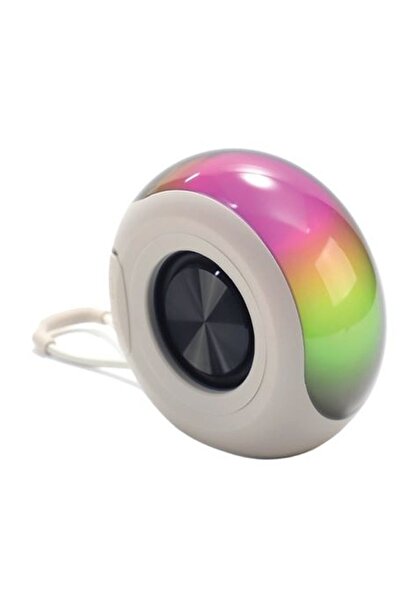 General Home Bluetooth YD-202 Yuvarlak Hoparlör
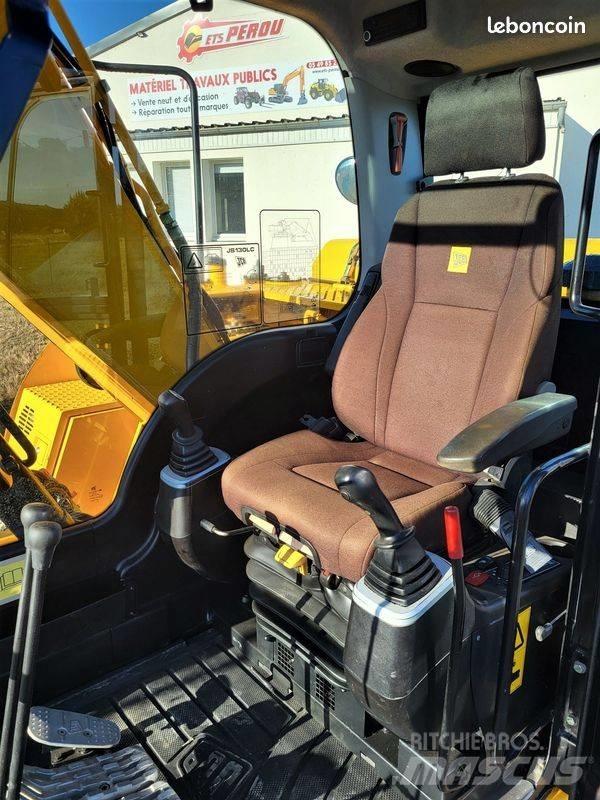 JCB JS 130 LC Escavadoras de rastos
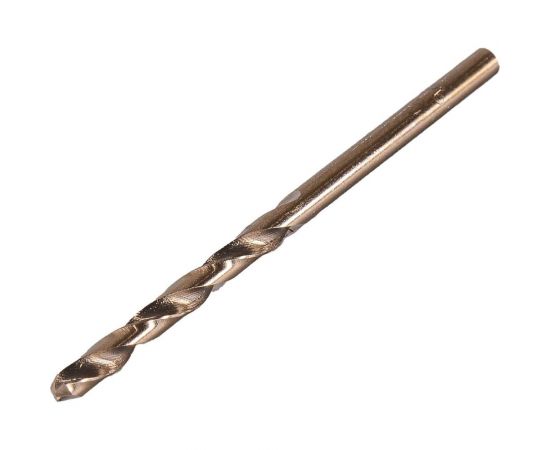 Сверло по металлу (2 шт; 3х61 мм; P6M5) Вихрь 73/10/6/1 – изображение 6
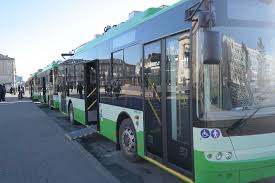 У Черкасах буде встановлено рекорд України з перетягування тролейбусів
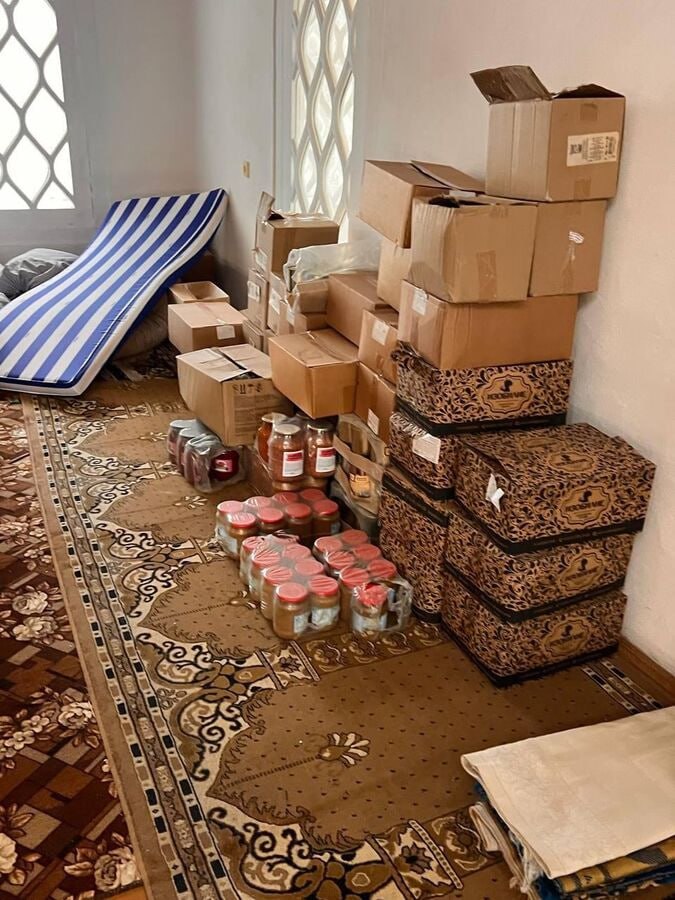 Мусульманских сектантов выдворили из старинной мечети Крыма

PROBLEM STATEMENT: When a picture appears among the entries, skip it; transcribe everything else exactly.

ANSWER FOR THIS EXERCISE:
 General Home Bluetooth YD-202 Yuvarlak Hoparlör
 JCB JS 130 LC Escavadoras de rastos
 Сверло по металлу (2 шт; 3х61 мм; P6M5) Вихрь 73/10/6/1 – изображение 6
 У Черкасах буде встановлено рекорд України з перетягування тролейбусів
 Мусульманских сектантов выдворили из старинной мечети Крыма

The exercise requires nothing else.